20 years ago today, I stood in front of family and friends and eulogized my beloved grandmother, Lillie Ann DeBerry. I will never forget the anxiety that overtook me as I clutched the already written devotion and the feeling of relief when I decided to freestyle it and just speak from my heart. The look on my grandfather’s face, the smiles, but also the emptiness that I felt- the feeling of being gut punched as I braved my way through those moments. Unforgettable.
My mind has a hard time believing that 20 years has passed but another part of self is settled in it. I am such a different person then than I am now. I have been twice divorced, engaged twice, had 5 more children, left organized religion, cut off all my hair, regrew it, grew locs, moved, and yet I still miss my grandma Lillie with the same intensity.
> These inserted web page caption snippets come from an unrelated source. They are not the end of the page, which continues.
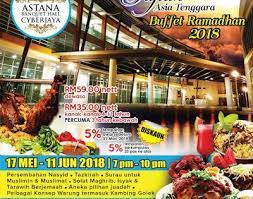 7) d'tunjong banquet hall damansara. Dewan Banquet Astana Cyberjaya Promosi Buffet Ramadhan 2018 Sajian Asia Tenggara Banquet Buffet Affordable Wedding Packages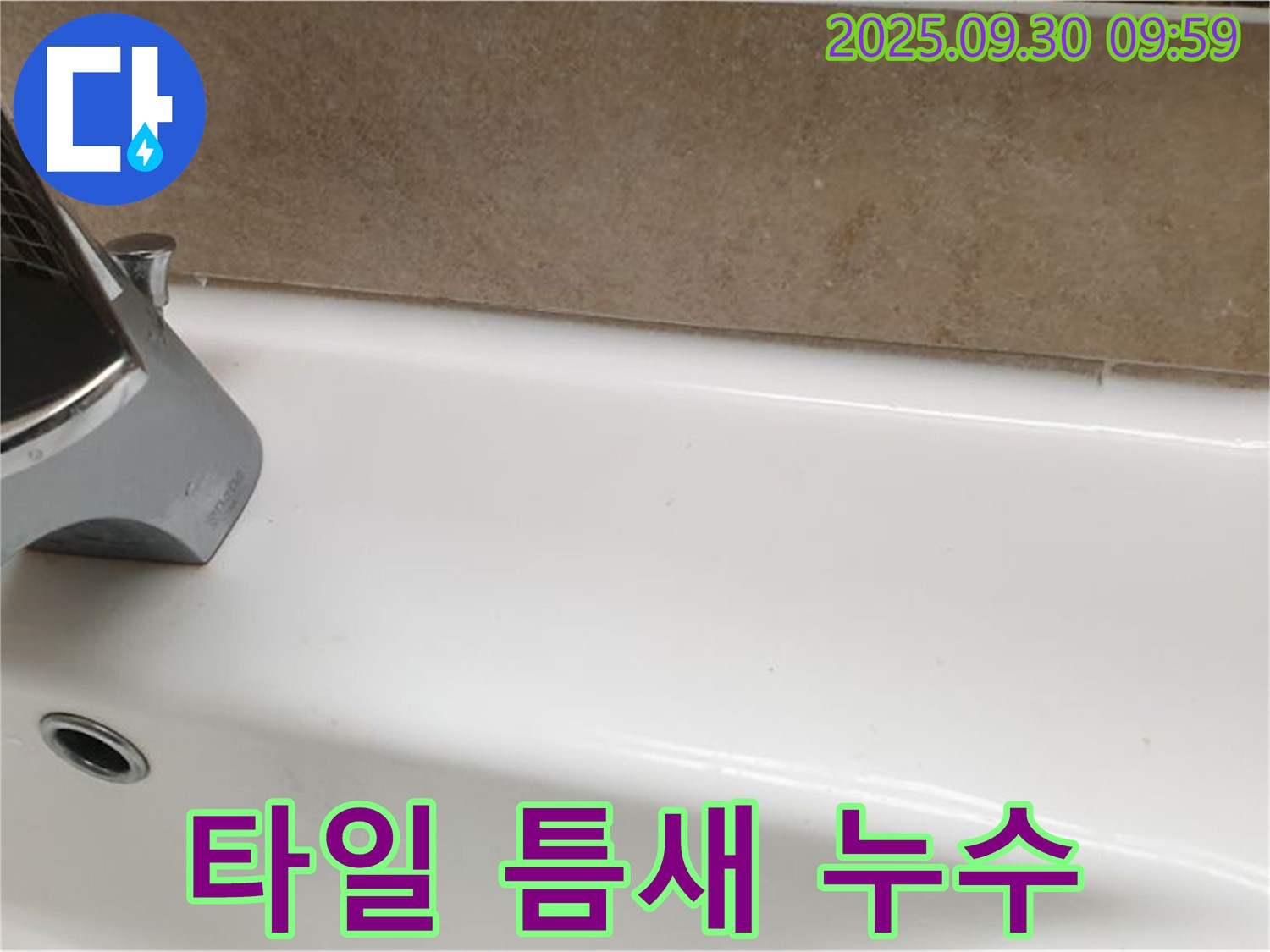 욕조와 타일 틈새 누수 - 욕조와 타일 틈새를 방수 실리콘으로 꼼꼼하게 메워 누수를 해결했습니다.
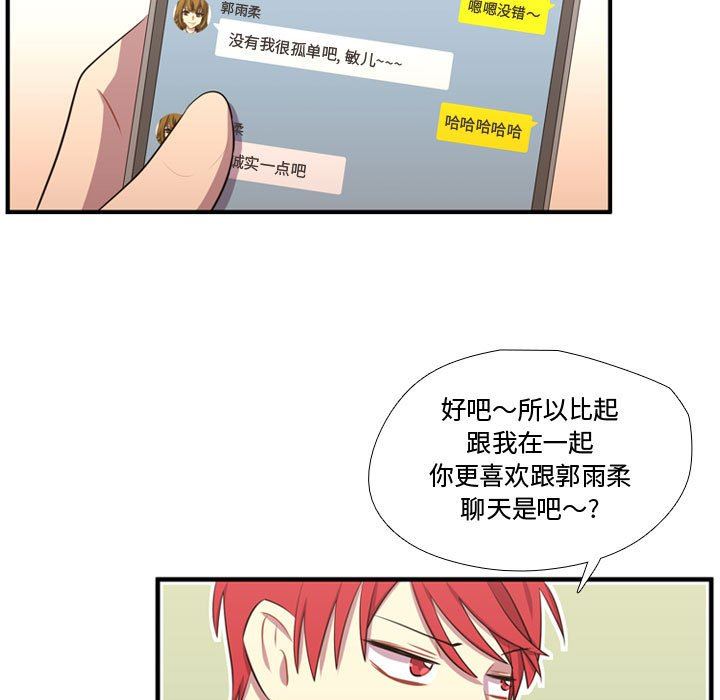[韩国漫画] 需要纯情 爱情,巨乳大奶#[122P]-91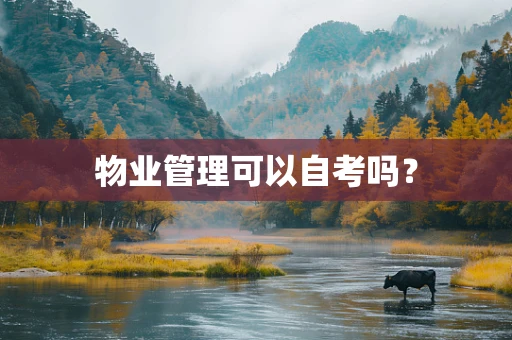 物业管理可以自考吗？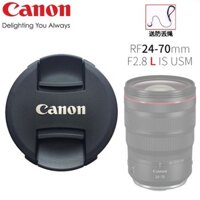Nắp ống kính tương thích Canon RF24-70mm F2.8 L IS USM cho máy ảnh EOS R RP R5, nắp bảo vệ 82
I will tell you that I find great solace and peace in my spiritual practices of ancestral recognition, veneration, and honor. I know that she is ever with me, speaking, guiding, protecting, even chastising at times. Her spirit remains a strong presence in my life and the lives of my children.
Her death was tragic but it was her living that I am more concerned with. Once my mother transitioned last year, they both have shown up in multiple dreams. I giggle at the shenanigans that have occurred in the dream realm with those two. I have often felt a burning anger at how my grandmother lost her life, all of the pain she endured throughout the years. But, just as quickly I recall the joy that she expressed so freely, the tears with each laugh, the warmth of her hugs, and the love in each pot of food that she prepared. And I feel ease. ]
May my life be a testament to the power, strength, tenacity, and pure love of that woman. May my ancestral mothers be honored evermore.